Try it: The line containing "واگذاری کلیه اجناس" and every line after it, through the end of the material: copy these exactly and nothing else, leaving pictures out.

Available data:
*-*-*

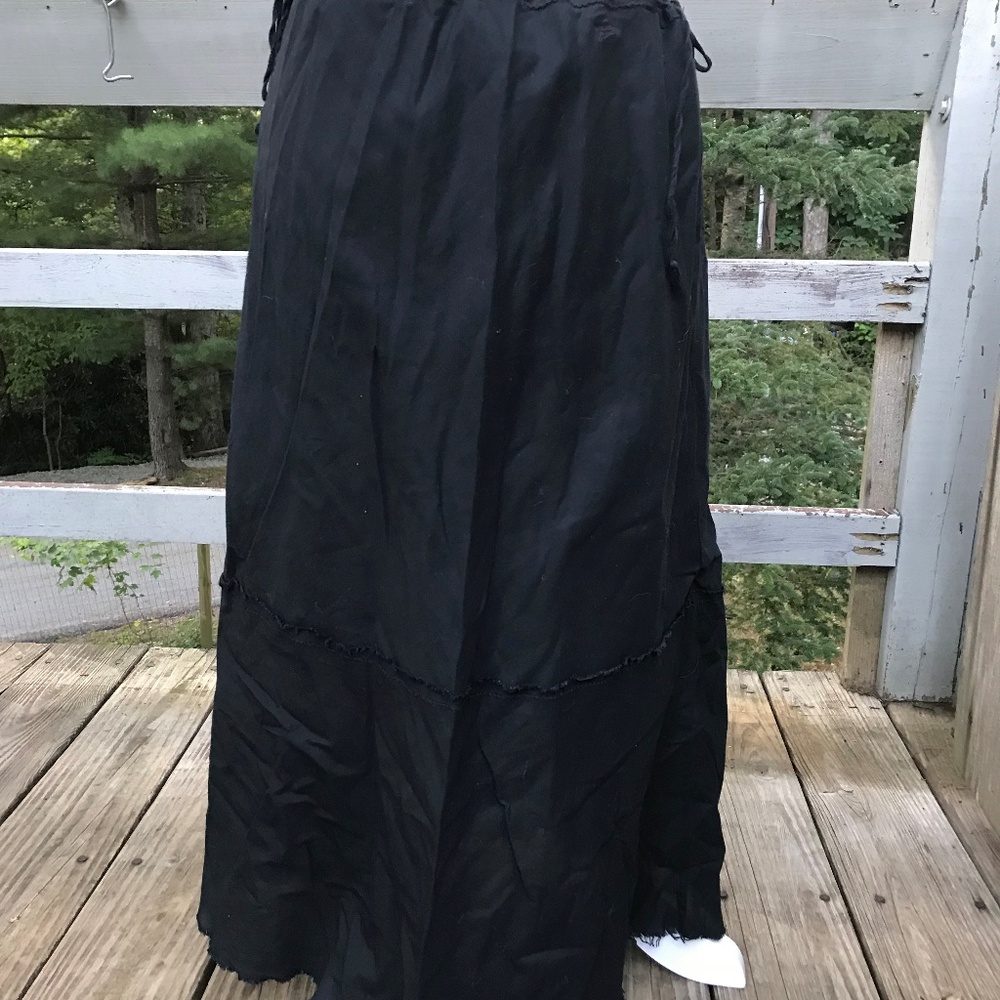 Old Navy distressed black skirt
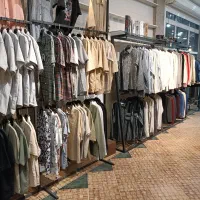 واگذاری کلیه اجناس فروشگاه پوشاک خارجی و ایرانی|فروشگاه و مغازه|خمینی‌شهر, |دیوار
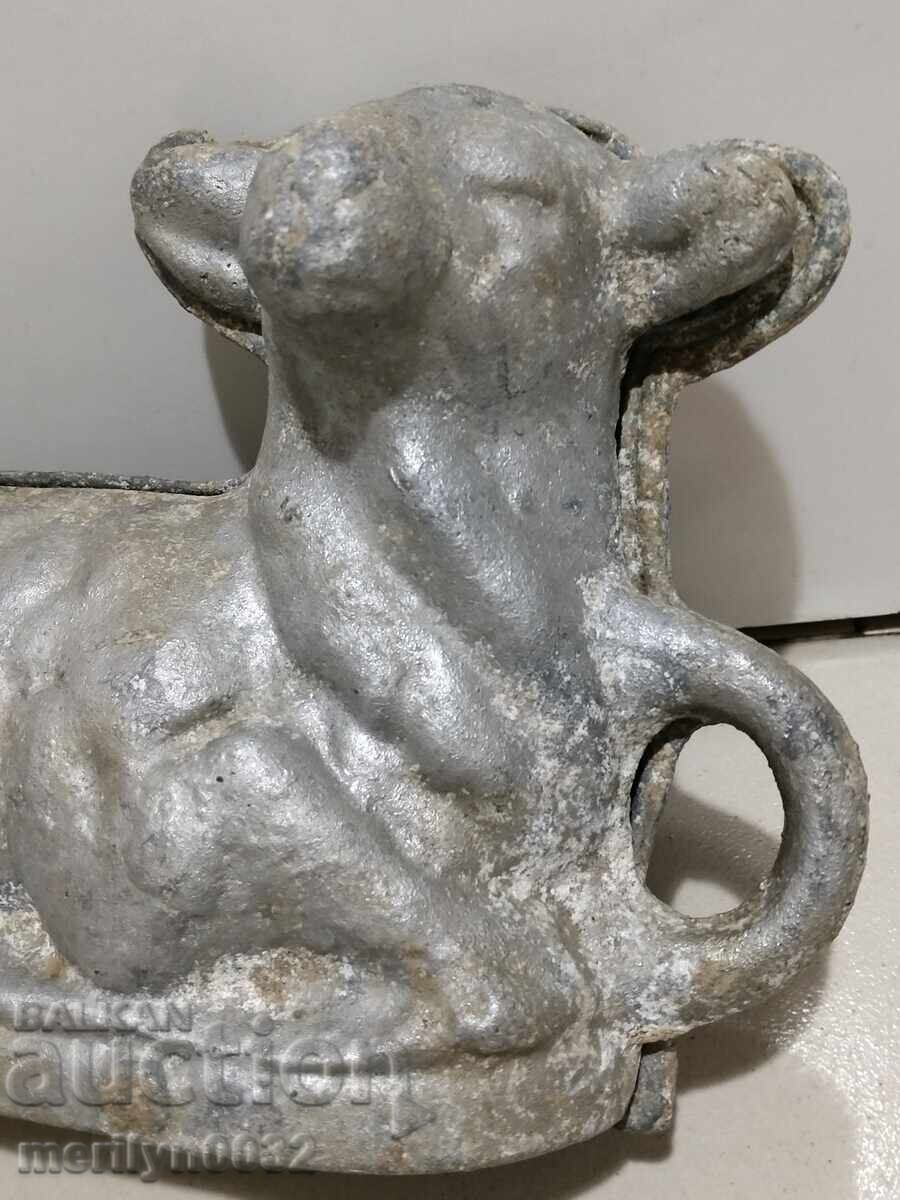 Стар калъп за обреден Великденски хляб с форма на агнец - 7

*-*-*

Response area:
 واگذاری کلیه اجناس فروشگاه پوشاک خارجی و ایرانی|فروشگاه و مغازه|خمینی‌شهر, |دیوار
 Стар калъп за обреден Великденски хляб с форма на агнец - 7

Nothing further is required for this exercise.